Despite having the added distraction of a fire extinguisher seemingly deploying itself mid-stage, Ogier ended the rally with a second fastest power stage time, contributing further bonus points to his Championship campaign.
Thinking that Tanak would just cruise it to the end and not take any risk, Ogier thought that he had the power stage in the bag, but oh no Tanak was feeling greedy.
Fending off a 9 times World Rally Champion in Loeb throughout the rally, Ogier despite still not having the car that he really wants underneath him finished second to Toyotas Ott Tanak.
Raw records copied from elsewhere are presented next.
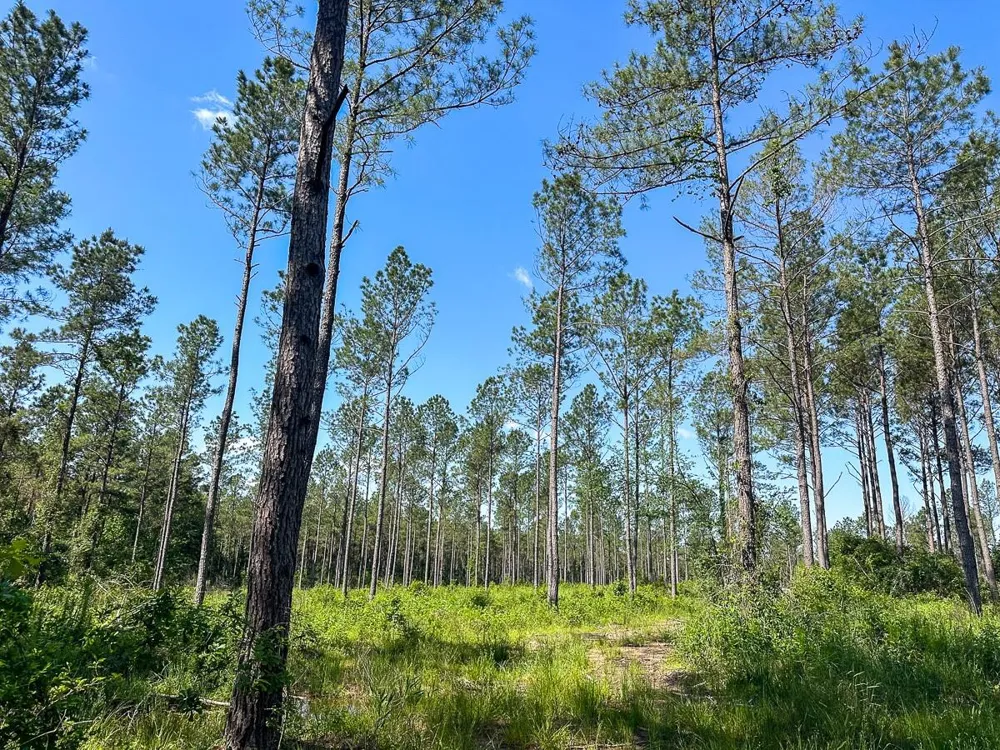 38 Groveton Flat Prairie Rd Groveton, TX 75854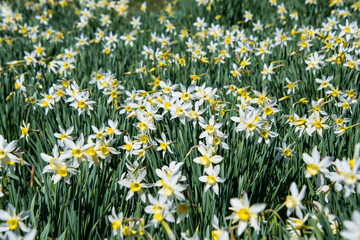 Fototapeta premium A field of daffodils displaying perfect petals on a March Spring day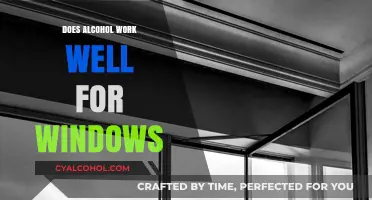 Alcohol and Windows: Effective Cleaning or Risky Myth?
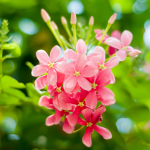 زهرة رانغون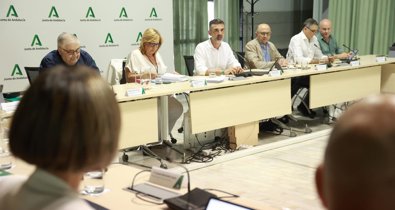 Es Andalucía - Sevilla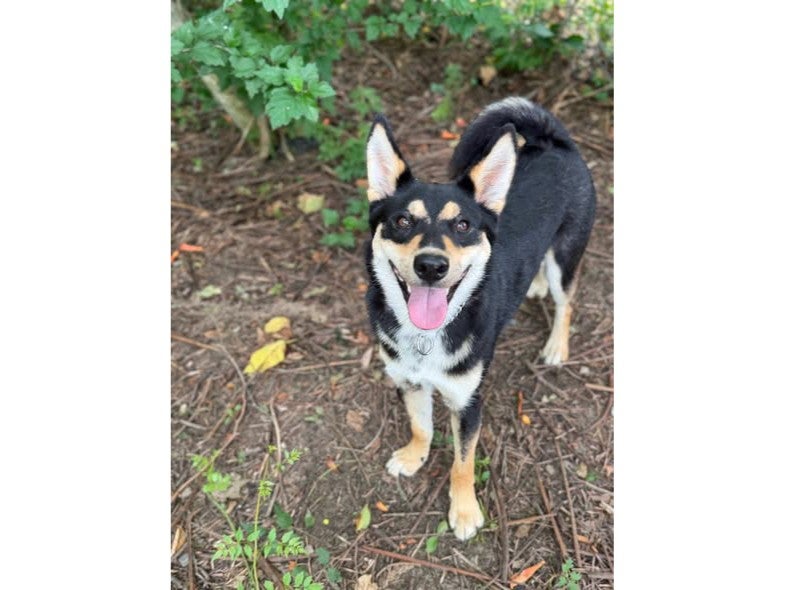 Adopt: Garland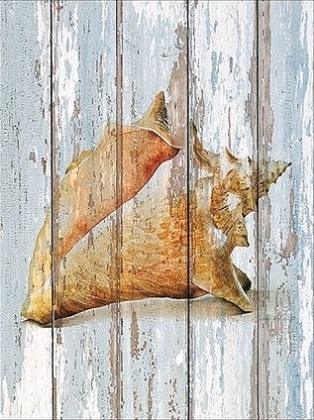 Picture of SEASHELL III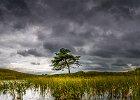 Philip Smith - Kelly Hall Tarn_Before the rain.JPG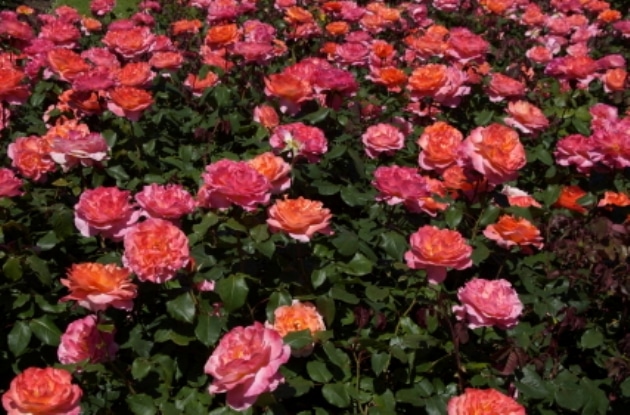 Isparta, Turkey - Roses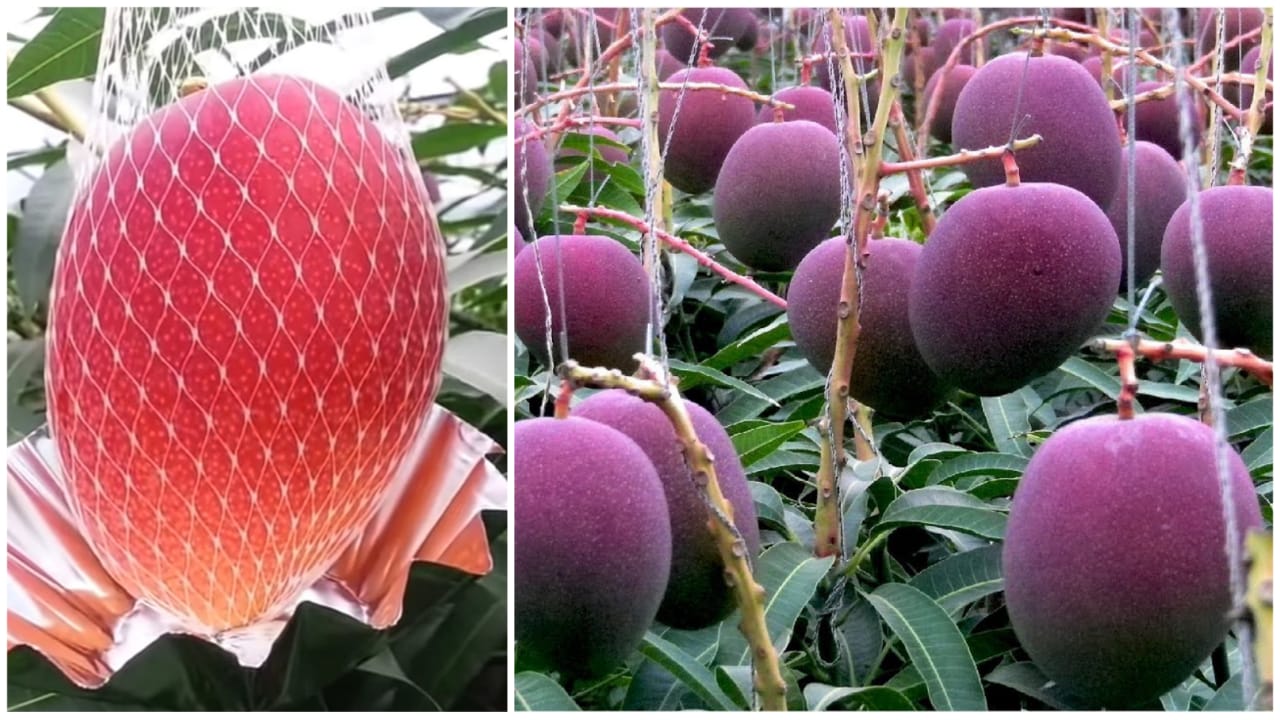 expensive-mango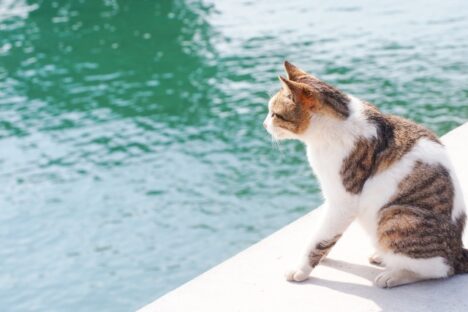 伊豆大島で飼育スタッフ大募集！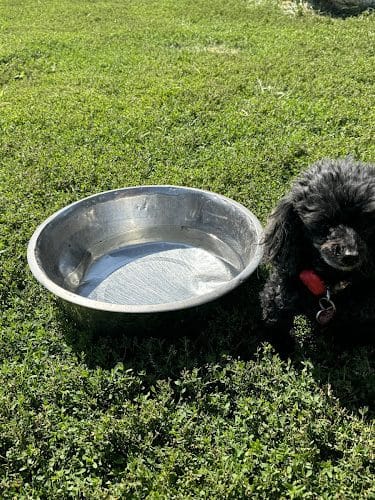Harrisonburg Parks and Rec Dog Park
“It’s a good second place in Chile after an interesting battle with Loeb”
Going down in the WRC history books for winning the first-ever Copec World Rally Chile, the Estonian led from the second stage of the first day and never really looked back, nor did he look troubled at any point. Winning the sixth round of the Championship by some 23 seconds was a fantastic result for both him and Toyota Gazoo Racing WRT.
“It’s great to finish this first edition of Rally Chile like this. It’s been three very demanding days which required plenty of concentration and energy. I am happy for myself and particularly for the guys at Toyota Gazoo Racing. We lost the lead in two events before, so it was our time to win now.”
After his two setbacks in Corsica and Argentina where he lost the rally lead, this, his second victory of the year so far, now moves Ott Tanak (112 pts) up into second in the standings overtaking Hyundai’s Thierry Neuville (110 pts); who leaves Chile with a no score. Citroëns Sèbastian Ogier now leads the drivers’ Championship by 10 points.
Hyundai Shell Mobis WRT (178 pts) still lead Toyota Gazoo Racing WRT (149 pts) in the Manufactures with Citroën Total WRT (143 pts) not far behind in third ahead of M-Sport Ford WRT (100 pts).
Next up is a return to Europe for the first of three gravel rallies. Vodafone Rally De Portugal promises to be another action-packed event where the passionate Portuguese fans come out in their thousands.